Pero era demasiado tarde para buscar a Finduilas. Túrin vagó por los bosques de debajo de las estribaciones de Ered Wethrin, salvaje y cauto como una bestia; y recorrió todos los caminos que llevaban hacia el norte, hacia el Paso del Sirion. Demasiado tarde, porque las lluvias y las nieves habían borrado todas las huellas. Pero al descender por el Teiglin, se topó un día con algunos del Pueblo de Haleth. que venían del Bosque de Brethil. La guerra los había diezmado, y la mayoría vivían ocultos, dentro de un vallado sobre Amon Obel, en el corazón del bosque. Ephel Brandir se llamaba ese lugar, porque Brandir, hijo de Handir, era ahora su señor, puesto que su padre había muerto.

Brandir no era hombre de guerra, pues cojeaba de una pierna que se le había roto por accidente en la infancia; y era además de ánimo gentil, y amaba más la madera que el metal, y el conocimiento de las cosas que crecen en la tierra más que cualquier otra ciencia.

Sin embargo, algunos de los hombres de los bosques perseguían todavía a los Orcos en sus fronteras; y por eso, cuando Túrin llegó allí, oyó el ruido de una refriega. Se apresuró en esa dirección y, al acercarse cauteloso entre los árboles, vio a una pequeña compañía de Hombres rodeados de Orcos. Los Hombres se defendían desesperadamente, de espaldas a un grupo de árboles que crecía en un claro; pero los Orcos eran muchos, y los Hombres tenían pocas esperanzas de escapar, a no ser que recibieran ayuda. Túrin, invisible entre los matorrales, hizo un gran ruido de pisadas y ramas rotas, y gritó luego con grandes voces, como si condujera a muchos hombres:

—¡Ja! ¡Aquí están! ¡Seguidme todos! ¡Adelante, y a muerte!

Al oírlo muchos de los Orcos miraron hacia atrás consternados, y entonces emergió Túrin de un salto, haciendo señas como si otros hombres lo siguieran, y los filos de Gurthang chisporroteaban como llamas en su mano. Demasiado bien conocían los Orcos esa hoja, y aun antes de que Túrin se abalanzara sobre ellos muchos se dispersaron y huyeron. Entonces los Hombres de los bosques corrieron tras ellos, y juntos los persiguieron hasta el río: pocos Orcos lo cruzaron. Después se detuvieron en la orilla, y Dorlas, líder de los Hombres de los bosques, dijo:

—Rápido sois en la persecución, señor, pero vuestros hombres son lentos en seguiros.

—Os equivocáis —replicó Túrin—, todos corremos como un único hombre, y jamás nos separamos.

Entonces los hombres de Brethil rieron, y dijeron:

—Bien, un solo hombre así vale por muchos. Tenemos una gran deuda con vos.
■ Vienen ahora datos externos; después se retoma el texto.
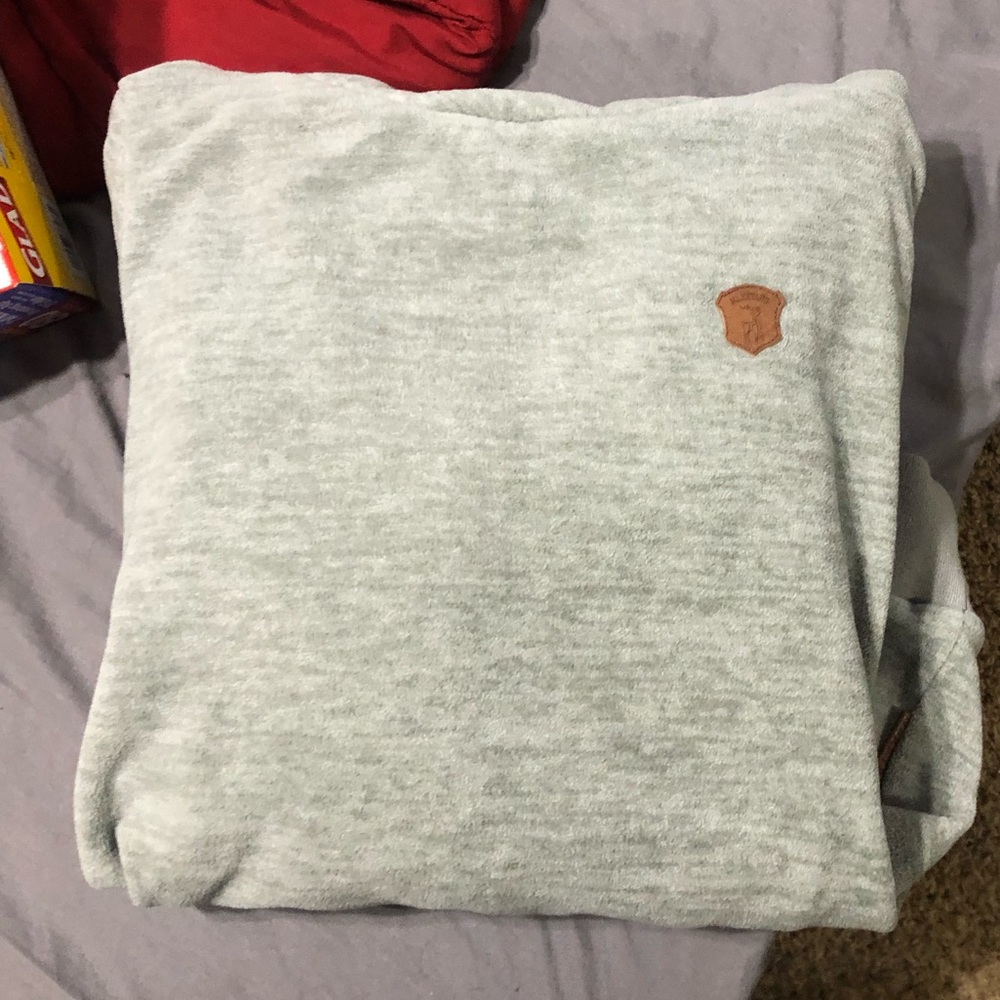 Nekatano Sweatshirt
Pero ¿quién sois, y qué hacéis aquí?

—No hago sino ejercer mi oficio, que es el de matar Orcos —contestó Túrin—. Y vivo donde mi oficio me lo exige. Soy el Hombre Salvaje de los Bosques.

—Entonces venid y vivid con nosotros —dijeron ellos—. Porque nosotros moramos en los bosques, y necesitamos trabajadores como vos. ¡Seríais bienvenido!

Entonces Túrin los miró de manera extraña, y dijo:

—Hay, pues, quien todavía está dispuesto a que yo ensombrezca su destino. Gracias, amigos, pero tengo aún por delante un penoso cometido: encontrar a Finduilas, hija de Orodreth de Nargothrond, o al menos saber qué ha sido de ella. ¡Ay! Muchas semanas han transcurrido desde que se la llevaron de Nargothrond, pero yo todavía la busco.